Para Maurik Jehee, superintendente responsável por crédito de carbono da área de Global Banking & Markets do Grupo Santander Brasil, que participou do encontro de CEOs, a definição de um valor internacional para o carbono dificilmente será alcançada no curto e médio prazos. No entanto, ele acredita que a precificação das emissões atingirá escala global, a partir da adoção de sistemas de Cap and Trade (metas e comércio)  locais, a exemplo do que já vem ocorrendo na Europa e nos Estados Unidos.
“O preço das emissões de carbono não está totalmente refletido nos produtos e serviços das maiores empresas. Além disso, as companhias multinacionais enfrentam vários regimes de carbono nos países onde operam. Isso é complexo, caro e gera uma competição desigual”, afirma Jehee. Segundo ele, uma vez que todos os países do mundo precificarem o carbono, da mesma forma ou o mais parecido possível, ninguém poderá mais discutir se vai instalar uma fábrica em determinado lugar em detrimento de outro pelo fato de não contabilizar as emissões.  “A partir daí todo mundo terá que pensar como reduzir emissões”, ressalta.
A dificuldade de financiamento para tecnologias mais limpas é outra conseqüência da não contabilização das emissões de carbono. Ainda segundo Jehee, existe um viés muito voltado às energias fósseis, cujos riscos já são conhecidos. “Há de se levar em consideração o risco, porém é preciso diferenciar os projetos.
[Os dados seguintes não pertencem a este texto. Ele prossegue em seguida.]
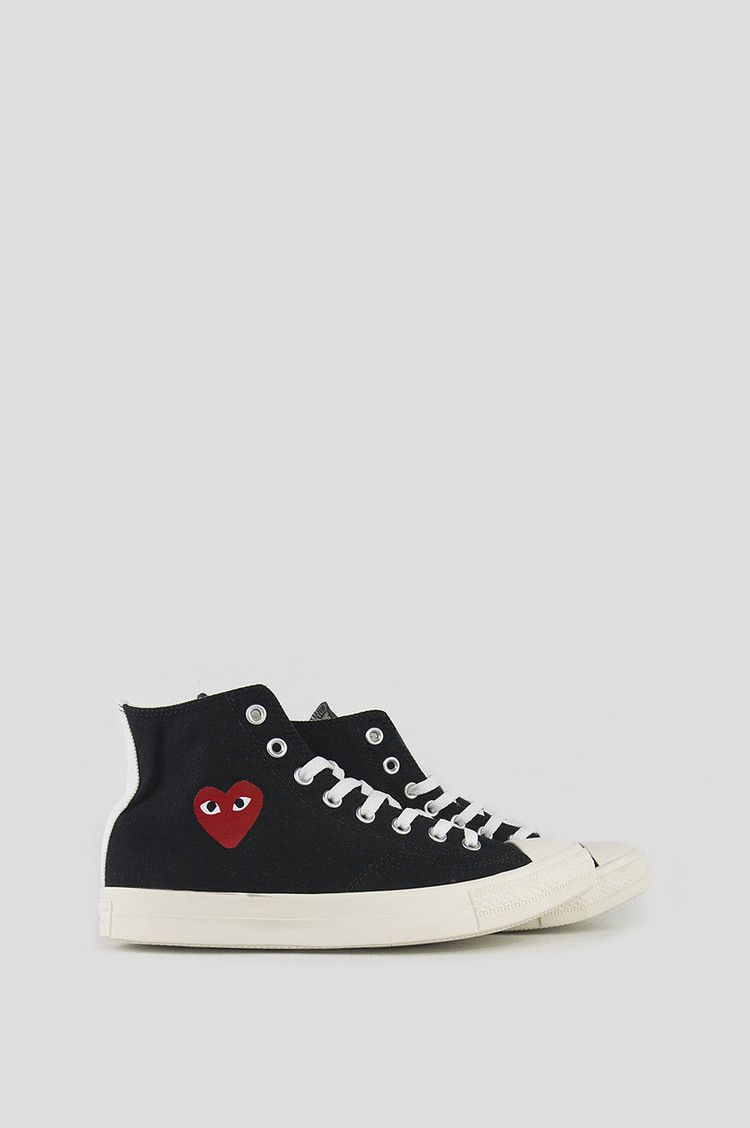 Кроссовки Comme des Garçons x Converse Chuck Taylor All Star Hi 'Black'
No que diz respeito a energias renováveis, por exemplo, existem aqueles mais arriscados, como células combustíveis. Mas tem também alternativas como a energia eólica, pequenas centrais hidroéletricas (PCHs), biomassa e etanol, com risco relativamente baixo no Brasil”, ressalta.
A internalização do preço do carbono nos diferentes processos também pode orientar a tomada de decisão. “A precificação é importante para uma análise econômica de um país, orientando, por exemplo, a decisão de quanto se deve investir e em qual setor”, afirma Alexandre Kossoy, especialista financeiro sênior da Unidade de Financiamento de Carbono do Banco Mundial. No entanto, ele se mostra reticente quanto à definição de um valor padrão para o carbono na análise de viabilidade de projetos. “A compra e venda de créditos deverá continuar se pautando pela oferta e demanda. Do contrário, corre-se o risco de encarecer os projetos mais eficientes na redução ou sequestro de carbono serão mais competitivos”, pondera.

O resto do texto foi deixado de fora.